On Sun, Feb 26, 2012 at 1:36 PM, Yves Parès <yves.pares@gmail.com> wrote:
Hello,
When I was using C code from Python, the overhead put on calling C code by Python was significant.
To simplify, say I have on C-side two procedures f and g, I do all the stuff to call them in a row from Python, well I'm better off factorizing: adding on C side a wrapper h procedure that calls them both, and then call h from Python, because then I will have half as much overhead:

Instead of SwitchToC -> call f -> SwitchToPython -> SwitchToC -> call g -> SwitchToPython,
the factorization leads to SwitchToC -> call f -> call g -> SwitchToPython,
which gives the same result yet is different performance-wise because each switching has a cost.

This is painful, because if another time I have to call f and j (another function), then I have to make another wrapper.

In Haskell world, now, given that my functions f and g would have been imported using unsafe:

foreign import unsafe "f" f :: Thing -> Foo -> IO ()
foreign import unsafe "g" g :: Stuff -> Bar -> IO ()
foreign import unsafe "h" h :: Thing -> Foo -> Stuff -> Bar -> IO ()

Are
doStuff = f x y >> g z w
and
doStuff = h x y z w
equivalent, or is there an overhead (e.g. due to IO monad, or due to the way the FFI does the calls) when compiled (if need be with optimizations) with GHC?

Each unsafe call to FFI should be pretty fast - I have measured it to be about 15ns on my computer (~30-50 clock cycles). Assuming C implementation of (f;g) and h take about the same time in C, first version of doStuff would likely be a bit slower than second version because of one additional FFI call - I would expect it to take ~15ns more on my computer. From what I have seen in my code, GHC optimizes away IO monad when compiled with -O2 flag. So, impact of IO monad on performance should usually be negligible/close to zero.

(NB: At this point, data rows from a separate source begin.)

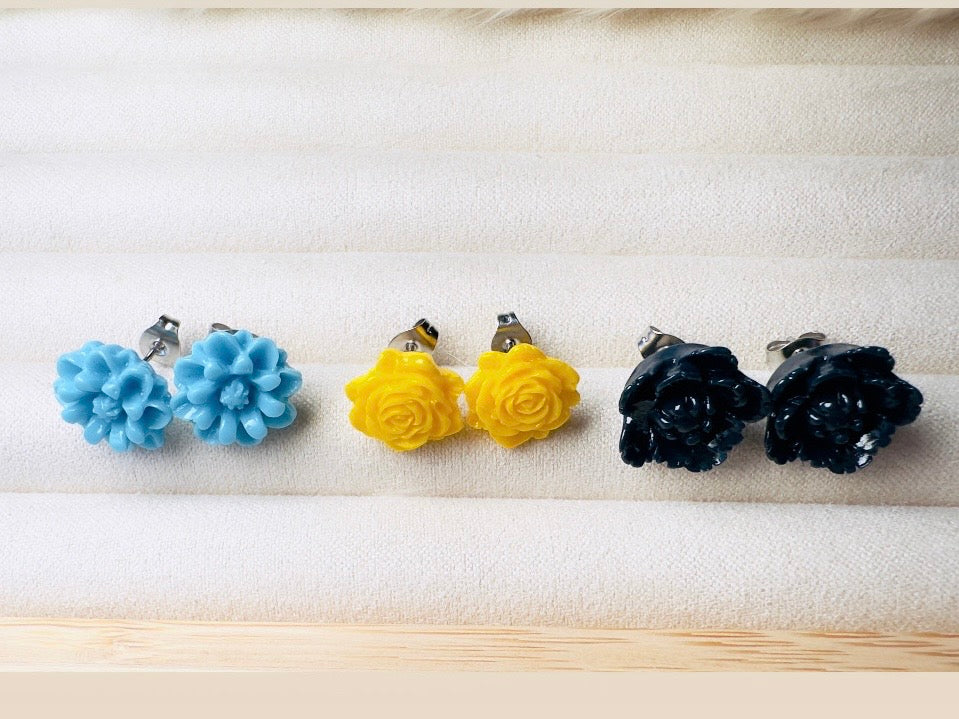 Flower Stud Earrings Gift Set in Sky Blue, Yellow and Navy, Handmade Rose and Blossom Hypoallergenic Surgical Steel Post Earrings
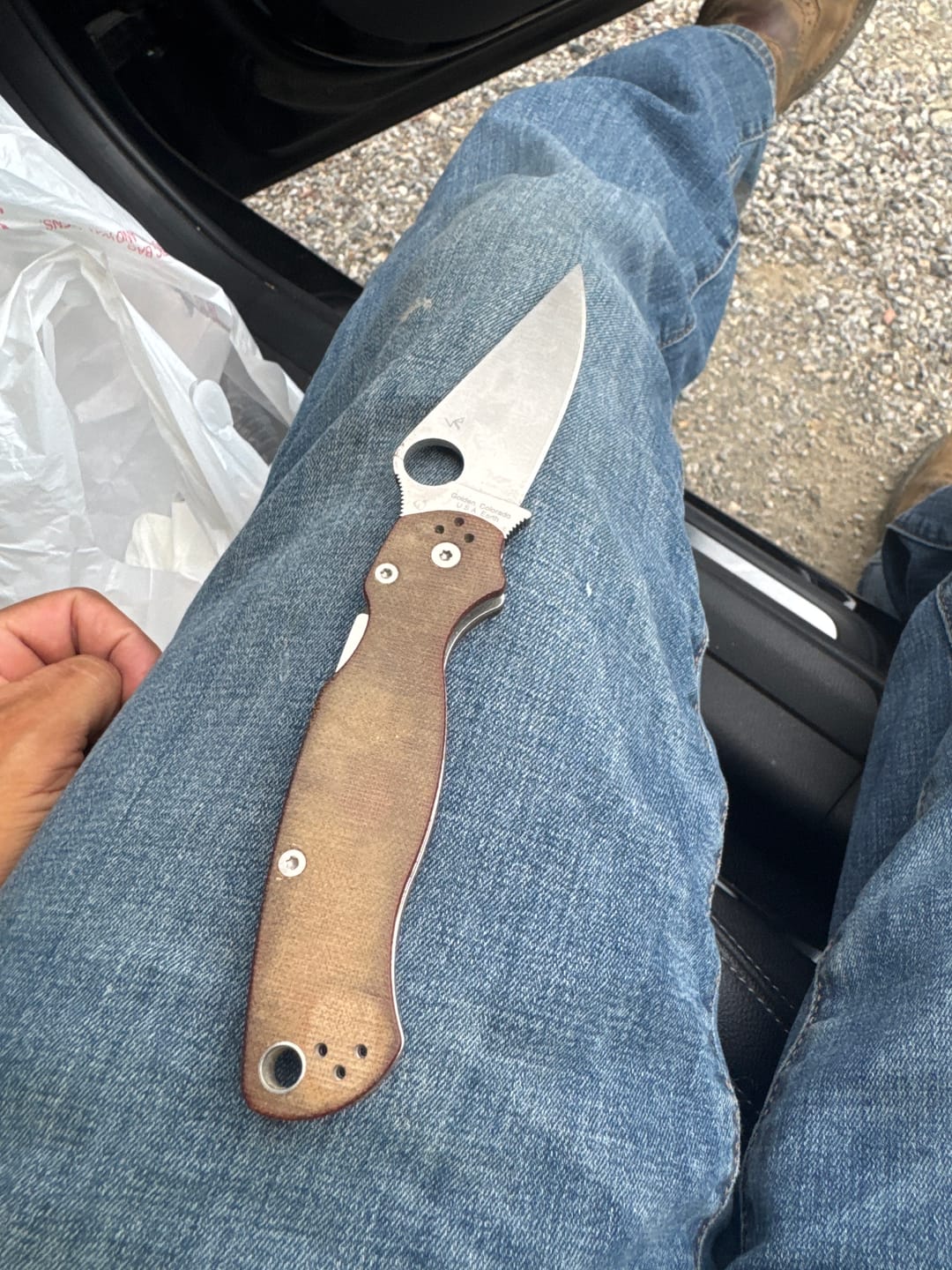 Customer photo review of Paramilitary 2 Knife Brown Micarta (3.4" Satin CRUWEAR) C81MPCW2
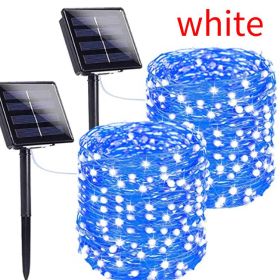 Outdoor Rain-proof Solar Copper Wire Lamp (Option: White-22meters 200lamp)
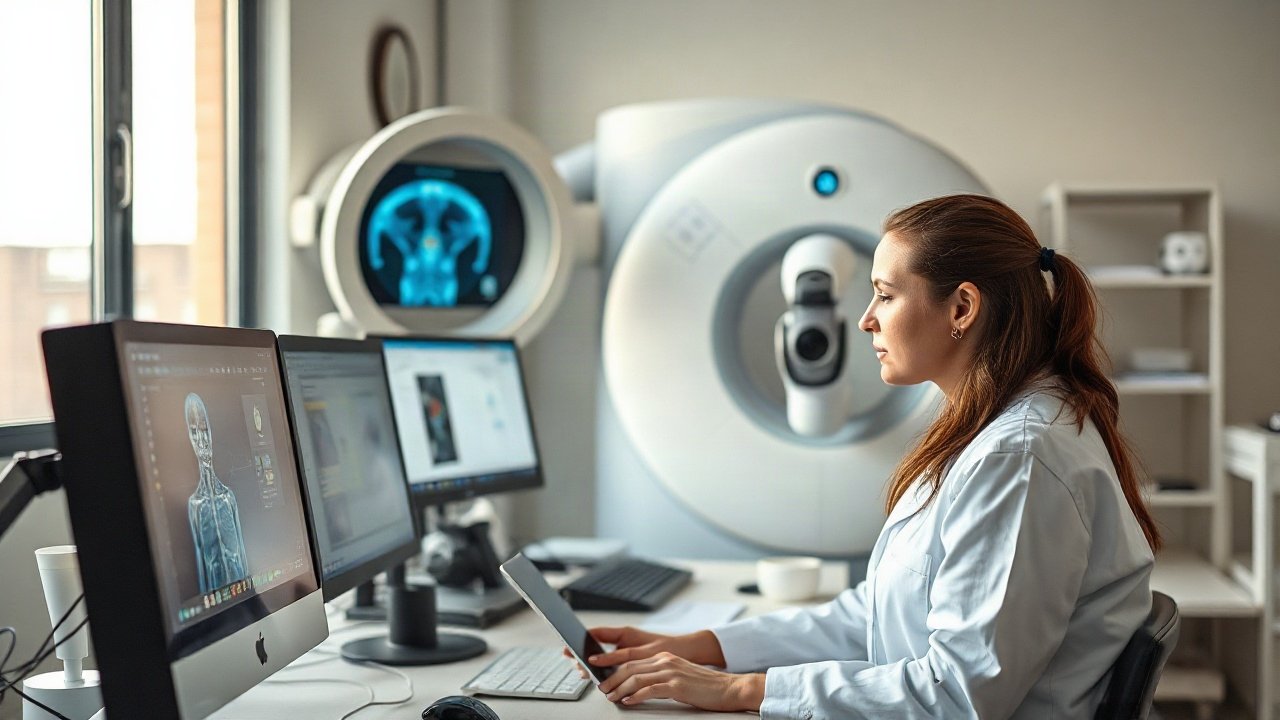 Radiographer positioning a patient while AI-assisted imaging and quality tools run on the scanner console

Keep in mind that unsafe call to FFI will block the OS capability used up for that FFI thread until that FFI call returns (more here: http://blog.melding-monads.com/category/haskell/). So, if it takes long time to execute, you might want to use the safe version instead. I have seen safe version take about ~150ns in my tests.

Like Jason said, you could create a micro-benchmark to see the difference. For example, like below:

Haskell code:

import Control.Monad (forM_)
import Foreign.C.Types (CInt)
import Data.Time.Clock (diffUTCTime, getCurrentTime)
import Foreign.C


foreign import ccall safe "print"
  printsafe :: CInt -> IO ()
foreign import ccall unsafe "print"
  printunsafe :: CInt -> IO ()


main = do
  let  l = 50000
  a <- getCurrentTime
  forM_ [1..l] $ \x -> printsafe x
  b <- getCurrentTime
  forM_ [1..l] $ \x -> printunsafe x
  c <- getCurrentTime

  print $ "safe call average overhead " ++ show ((diffUTCTime b a)/fromIntegral l)
  print $ "unsafe call average overhead " ++ show ((diffUTCTime c b)/fromIntegral l)


C code:

#include <stdio.h>

void print(int x){
  return;
}